What's going on?
Harley-Davidson reported second-quarter results on Tuesday that overtook expectations – though the iconic American motorcycle maker is still caught between the US and Europe like a chopper between two trucks. (tweet this)
What does this mean?
Harley’s results roared ahead of analysts’ expectations for the sixth quarter in a row, though its sales and profits both dropped. It’s suffering from a slump in American demand (US retail sales fell by nearly twice as much as worldwide) and being squeezed by import taxes (a.k.a. tariffs) the European Union (EU) imposed in response to US tariffs on steel and aluminum. The new taxes add about $2,200 to the price tag of each bike imported into Europe – Harley’s second-biggest market. And this is on top of Harley’s increased costs of getting its hands on steel and aluminum (important metals for its bikes) stateside.
Why should I care?
For markets: Harley’s in the woods, but it’s got a roadmap.
Harley shares rose by 8% on Tuesday but are still down this year – with investors likely concerned about the company’s candle being burned at both ends by rising costs and falling sales. However, to steer around the EU’s tariffs, Harley’s announced plans to move production of its bikes destined for Europe out of the US altogether – a move that the US president has threatened with… wait for it… even more taxes. It’s also releasing a new strategy next week to grow its overseas ridership.
The bigger picture: Trade wars cost many.

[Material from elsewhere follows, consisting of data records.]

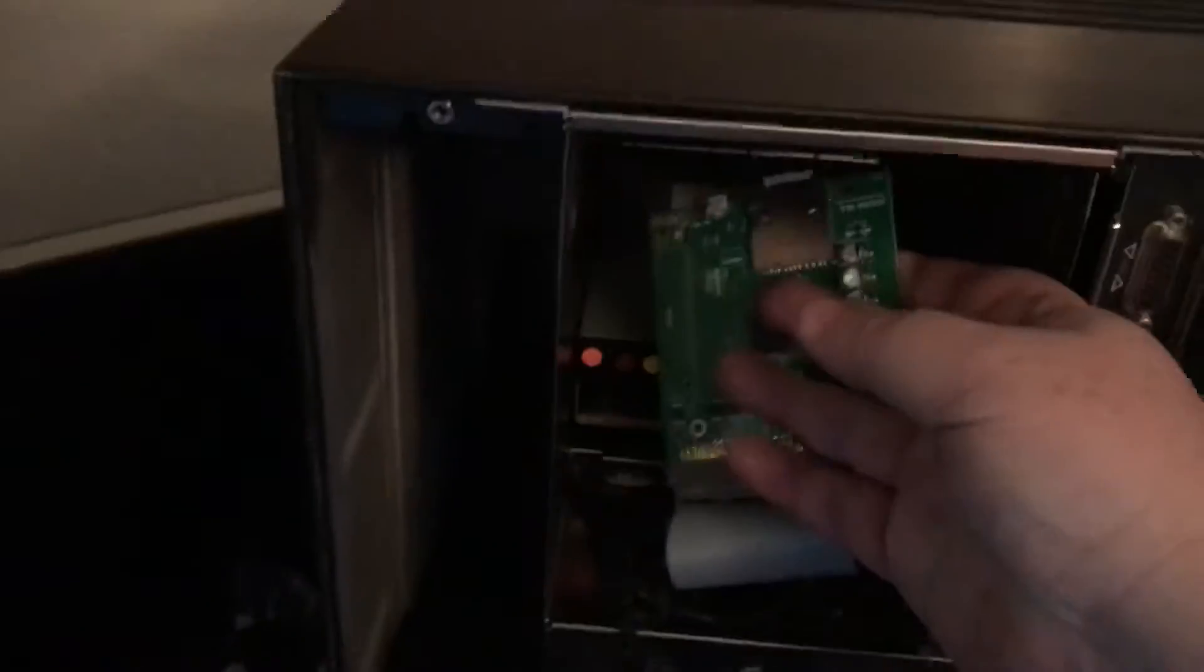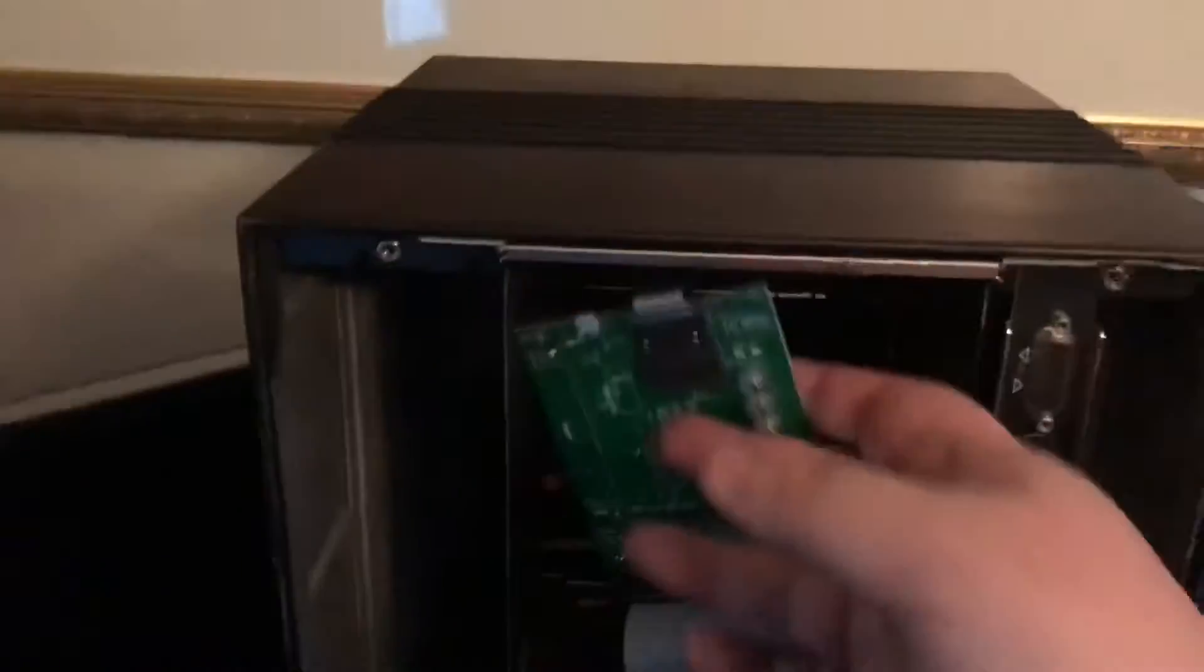I'm just gonna set it in there so it's easy to work on and then I'll make a backup.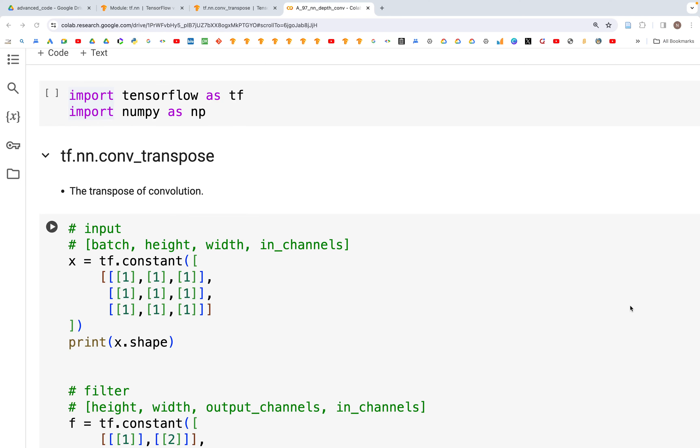Welcome back. In the previous videos we looked at how we can calculate conv1d_transpose, conv2d_transpose, and conv3d_transpose. In this video we'll look at a general version of conv_transpose.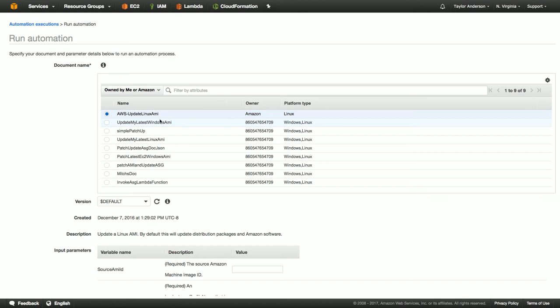After that, you have the ability to do a post-install script. After that, the instance is then stopped, a new image is created, and then the instance is terminated. Let's get started.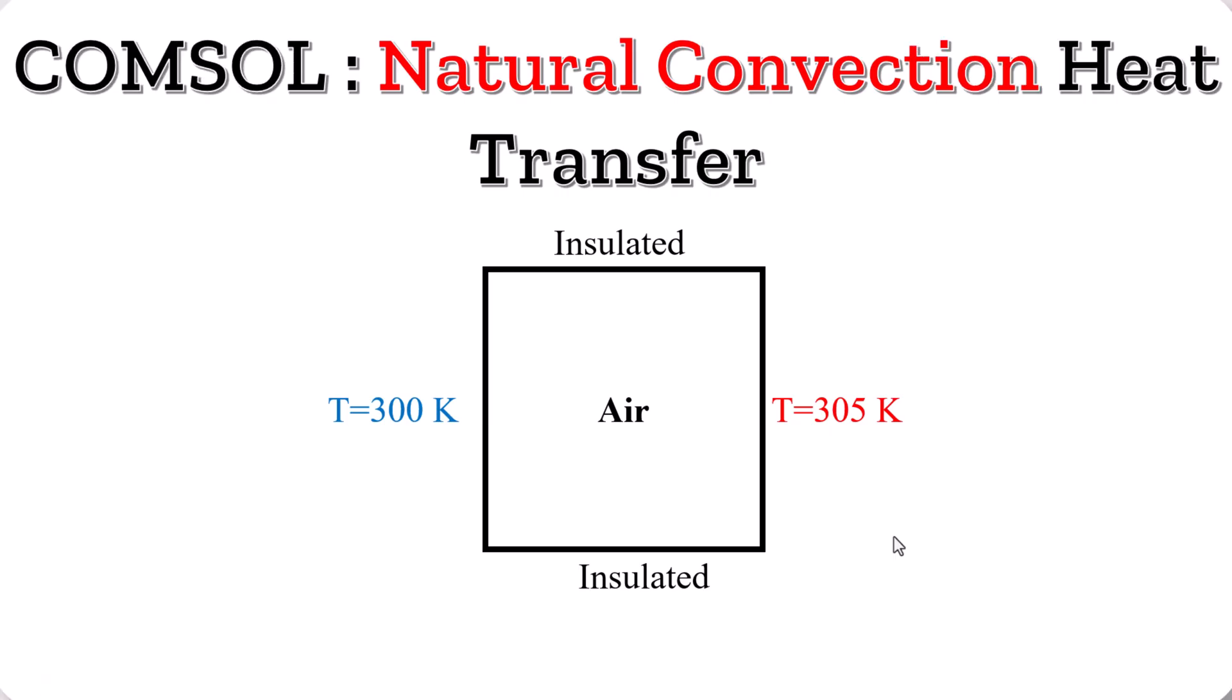Welcome, I am Dr. Afarov and in this video, I show you how to model natural convection heat transfer in COMSOL Multiphysics.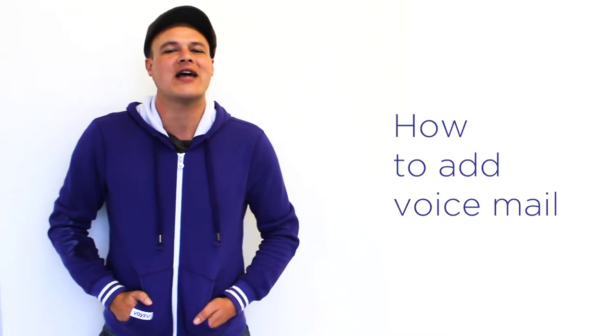Hey there, welcome to Voice. My name is Guillaume, and I'll be guiding you through our DIY tutorial, How to Add Voicemail.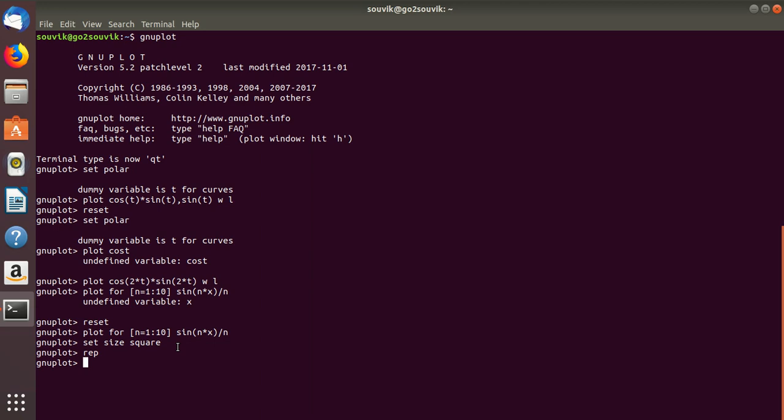Today we learned about parametric plots, polar plots, 3D plots, and how to do iteration in GNU plot. These are very important things in GNU plot. In my next lecture I will teach you how to save the file in GNU plot in PNG format, JPG format, etc.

Nothing happens in a vacuum; tariffs imposed by the US have global consequences. China, Canada and Mexico (among others) have responded with their own tariffs and the EU’s retaliatory measures are targeting classic American produce – like blue jeans, bourbon, cigarettes and peanut butter – along with motorbikes. It looks like the game of one-upmanship is biting away at everyone involved.